_TRY IT_.
Beginning with the line containing "Тойота Авенсіс, об'ємом" and going on through the line containing "Jual Rumah Bagus Siap Huni LB 165m2 di Cinere, Depok Jual", the lines below are to be returned exactly, pictures excluded and nothing added.

_INFORMATION SUPPLIED_.
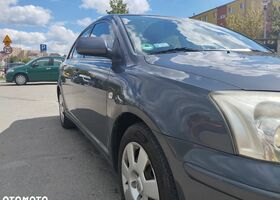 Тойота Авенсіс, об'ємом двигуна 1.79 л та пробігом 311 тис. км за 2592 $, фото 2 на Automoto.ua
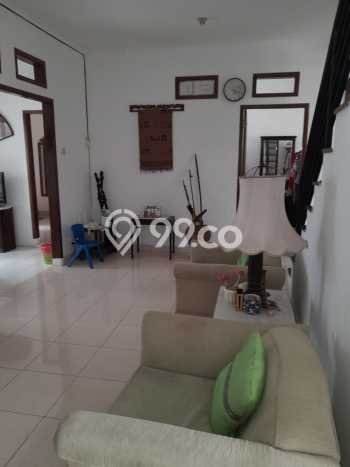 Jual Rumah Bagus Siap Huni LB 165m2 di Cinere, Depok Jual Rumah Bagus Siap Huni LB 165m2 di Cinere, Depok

--

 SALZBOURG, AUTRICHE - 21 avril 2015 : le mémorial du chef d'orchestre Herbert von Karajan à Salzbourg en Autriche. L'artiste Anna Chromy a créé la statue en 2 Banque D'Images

_YOUR SOLUTION_.
 Тойота Авенсіс, об'ємом двигуна 1.79 л та пробігом 311 тис. км за 2592 $, фото 2 на Automoto.ua
 Jual Rumah Bagus Siap Huni LB 165m2 di Cinere, Depok Jual Rumah Bagus Siap Huni LB 165m2 di Cinere, Depok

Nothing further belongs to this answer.